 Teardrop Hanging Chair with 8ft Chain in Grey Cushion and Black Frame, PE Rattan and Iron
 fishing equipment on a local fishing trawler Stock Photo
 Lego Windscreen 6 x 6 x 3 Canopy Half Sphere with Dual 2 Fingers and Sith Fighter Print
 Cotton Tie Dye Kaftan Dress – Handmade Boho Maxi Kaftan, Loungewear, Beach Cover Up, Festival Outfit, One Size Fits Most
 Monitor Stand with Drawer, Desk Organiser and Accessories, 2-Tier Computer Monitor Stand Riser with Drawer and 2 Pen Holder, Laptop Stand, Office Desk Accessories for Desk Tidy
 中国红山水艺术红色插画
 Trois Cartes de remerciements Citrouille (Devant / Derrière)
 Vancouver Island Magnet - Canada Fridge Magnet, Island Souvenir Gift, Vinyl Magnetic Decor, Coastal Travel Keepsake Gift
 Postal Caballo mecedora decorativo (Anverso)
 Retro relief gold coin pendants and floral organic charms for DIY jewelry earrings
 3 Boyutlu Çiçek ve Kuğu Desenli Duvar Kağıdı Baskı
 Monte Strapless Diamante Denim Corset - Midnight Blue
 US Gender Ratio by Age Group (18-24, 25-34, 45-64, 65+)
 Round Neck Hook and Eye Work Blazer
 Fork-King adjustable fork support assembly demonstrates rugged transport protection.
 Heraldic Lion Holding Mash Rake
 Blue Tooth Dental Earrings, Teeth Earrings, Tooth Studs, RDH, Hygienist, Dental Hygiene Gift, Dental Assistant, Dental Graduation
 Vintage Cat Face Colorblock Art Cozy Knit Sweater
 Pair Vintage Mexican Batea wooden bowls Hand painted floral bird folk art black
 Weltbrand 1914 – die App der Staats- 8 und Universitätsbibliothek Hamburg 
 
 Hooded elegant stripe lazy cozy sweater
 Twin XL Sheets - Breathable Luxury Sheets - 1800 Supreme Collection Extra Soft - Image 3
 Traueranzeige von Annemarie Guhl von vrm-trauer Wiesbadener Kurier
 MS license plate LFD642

*-*-*

WORK TO BE COMPLETED
The lines from the one holding "Fork-King adjustable fork" to the final line of the entries, both included, are what should be output, exactly and alone.

REPLY TO THE TASK
 Fork-King adjustable fork support assembly demonstrates rugged transport protection.
 Heraldic Lion Holding Mash Rake
 Blue Tooth Dental Earrings, Teeth Earrings, Tooth Studs, RDH, Hygienist, Dental Hygiene Gift, Dental Assistant, Dental Graduation
 Vintage Cat Face Colorblock Art Cozy Knit Sweater
 Pair Vintage Mexican Batea wooden bowls Hand painted floral bird folk art black
 Weltbrand 1914 – die App der Staats- 8 und Universitätsbibliothek Hamburg 
 
 Hooded elegant stripe lazy cozy sweater
 Twin XL Sheets - Breathable Luxury Sheets - 1800 Supreme Collection Extra Soft - Image 3
 Traueranzeige von Annemarie Guhl von vrm-trauer Wiesbadener Kurier
 MS license plate LFD642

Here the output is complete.